**Task objective**
Which lines run from the one with "Terreno à venda" through the end of the data? Retype them exactly, without pictures.

**Records supplied**
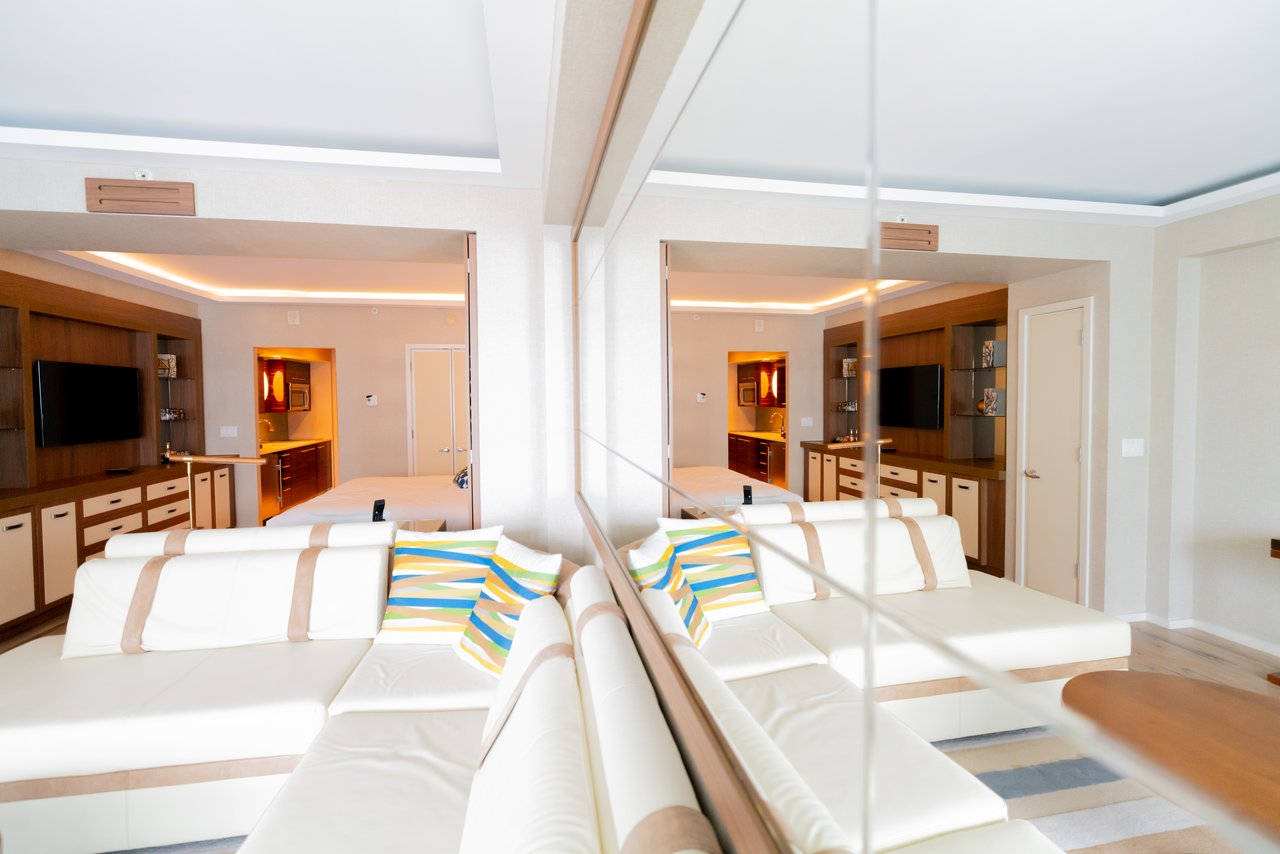 The Ocean Resort Residences (Conrad Fort Lauderdale Beach)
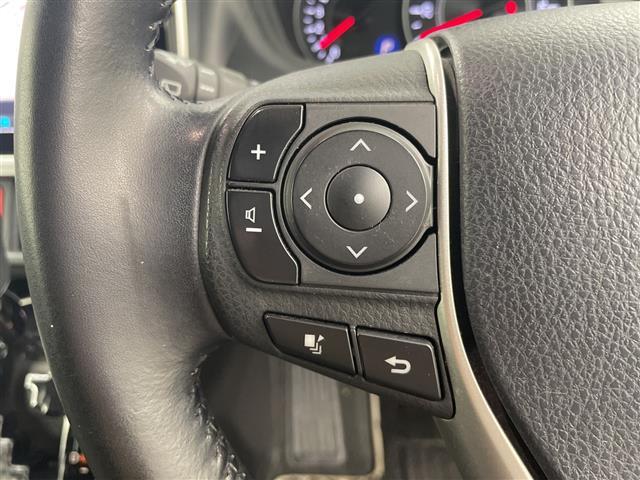ヴォクシー ＺＳ　煌　アルパイン１１インチナビ　ＡＭ　ＦＭ　ＣＤ　フルセグ　ＤＶＤ　ＳＤ　ＢＴ　１２．８インチアルパインフリップダウンモニター　両側パワースライドドア　バックカメラ　プリクラッシュセーフティ（17枚目）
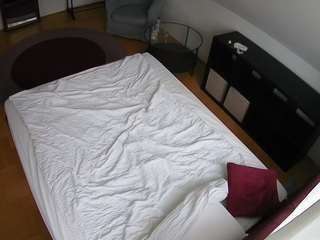 voyeurcam-julmodels-whitebed-2 camsoda stream image, 16.05.2026 16:10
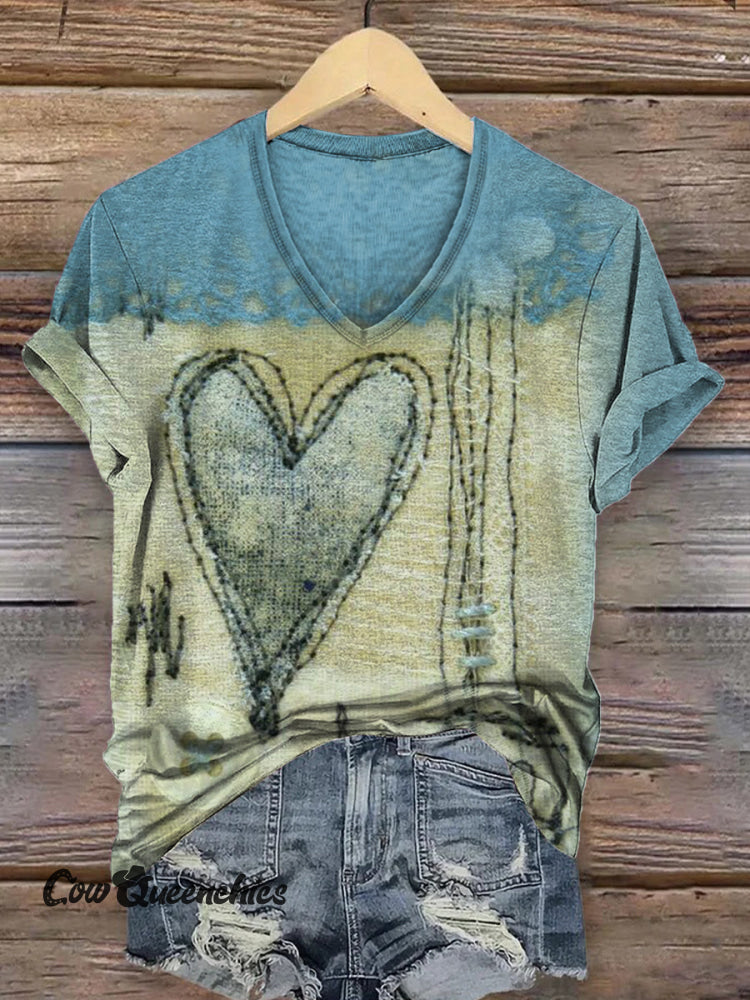 Women&rsquo;s Vintage Heart Art Print V-neck Casual T-Shirt Multicolor / S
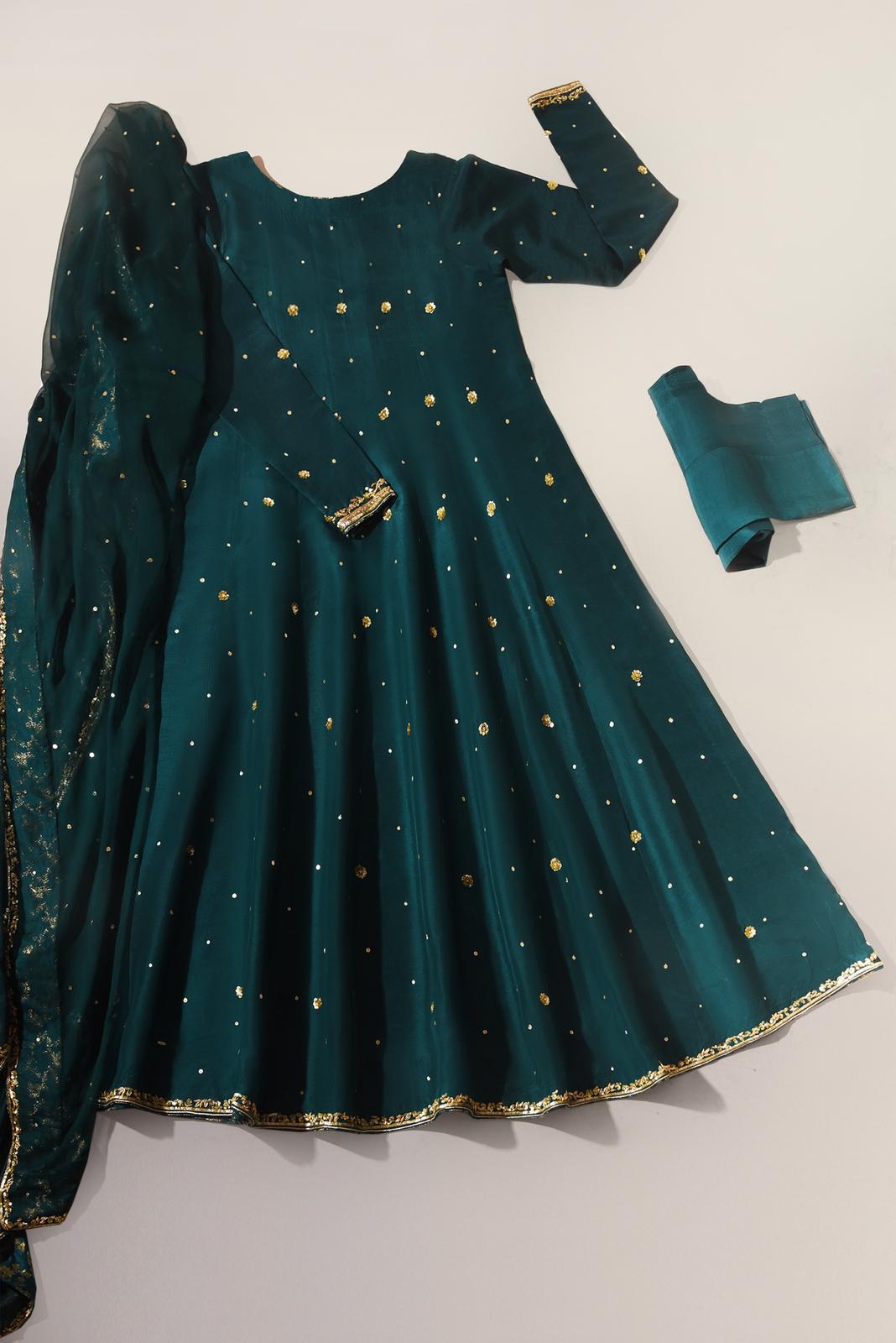 POISON GREEN FORMAL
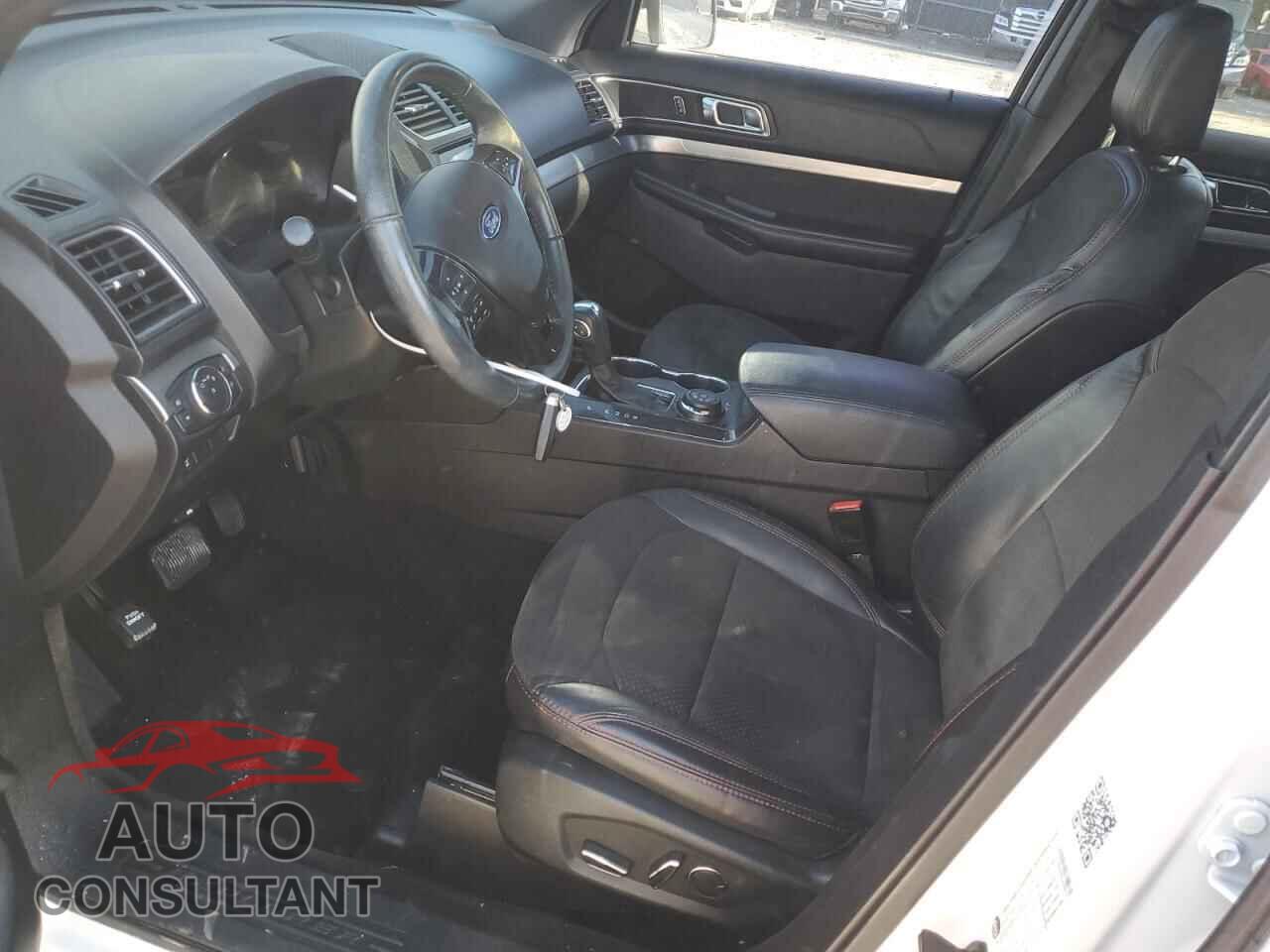 FORD EXPLORER 2018 - 1FM5K8D85JGB83172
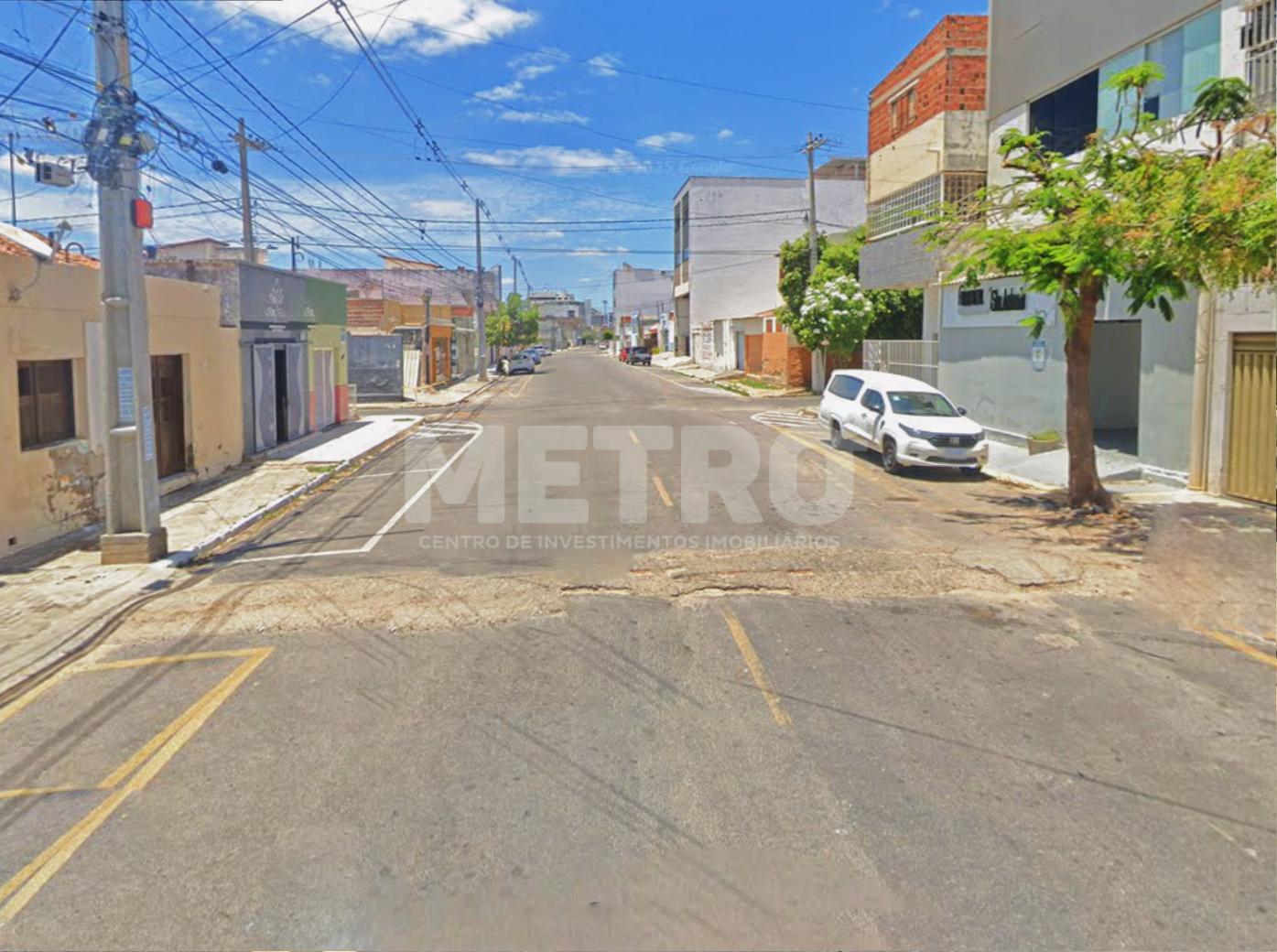Terreno à venda no Centro de Petrolina, 12,8x27,5m, 352m²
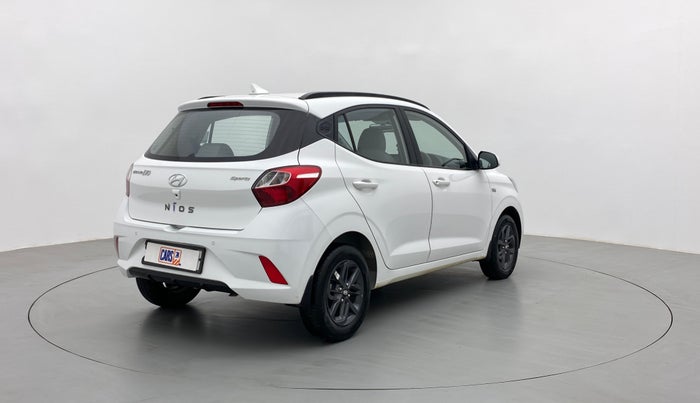 2021 Hyundai GRAND I10 NIOS SPORTZ 1.2 AT, Petrol, Automatic, 15,523 km, Right Back Diagonal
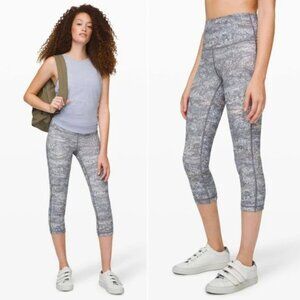 Lululemon High Rise Wunder Under Crop in Frozen Vista Alpine White Multi Size 4
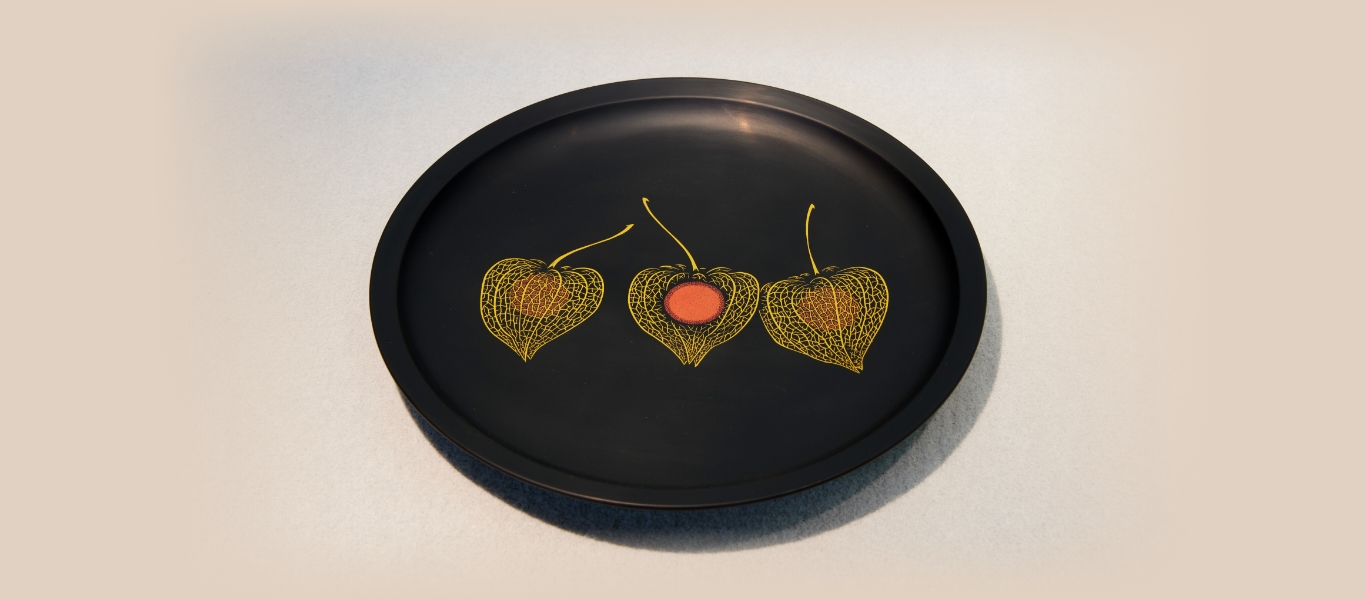 人間国宝　山下義人作　屋島神社古材　木地　呂塗　蕪蒔絵　香合　共箱　V　8927 人間国宝 山下義人作 屋島神社古材 木地 呂塗 蕪蒔絵 香合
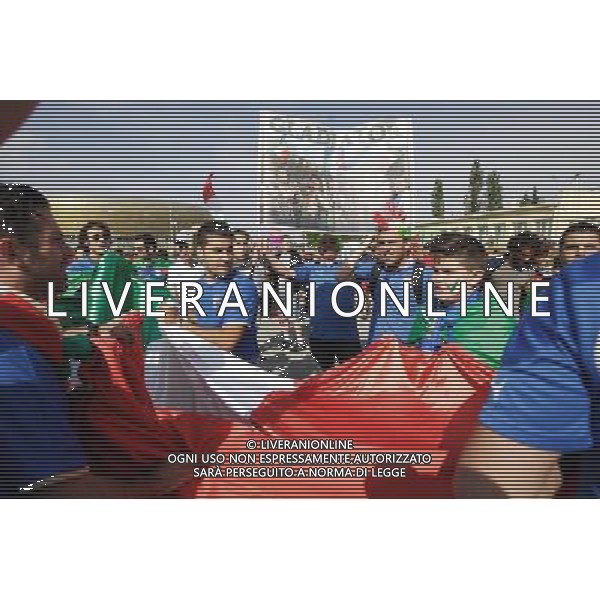 GDANSK 10.06.2012 STADION PGE ARENA N Z HISZPANSCY I WLOSCY KIBICE PRZED WEJSCIEM NA MECZ FOT MICHAL FLUDRA / NEWSPIX.PL Italian AND sPANISH football fans on the Gdansk city streets EURO FOOTBALL 2012 POLAND BEFORE MATCH SPAIN vs ITALY --- Newspix.pl -AG ALDO LIVERANI SAS - ITALY ONLY - *** Local Caption *** .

**Solution to this exercise**
Terreno à venda no Centro de Petrolina, 12,8x27,5m, 352m²
 2021 Hyundai GRAND I10 NIOS SPORTZ 1.2 AT, Petrol, Automatic, 15,523 km, Right Back Diagonal
 Lululemon High Rise Wunder Under Crop in Frozen Vista Alpine White Multi Size 4
 人間国宝　山下義人作　屋島神社古材　木地　呂塗　蕪蒔絵　香合　共箱　V　8927 人間国宝 山下義人作 屋島神社古材 木地 呂塗 蕪蒔絵 香合
 GDANSK 10.06.2012 STADION PGE ARENA N Z HISZPANSCY I WLOSCY KIBICE PRZED WEJSCIEM NA MECZ FOT MICHAL FLUDRA / NEWSPIX.PL Italian AND sPANISH football fans on the Gdansk city streets EURO FOOTBALL 2012 POLAND BEFORE MATCH SPAIN vs ITALY --- Newspix.pl -AG ALDO LIVERANI SAS - ITALY ONLY - *** Local Caption *** .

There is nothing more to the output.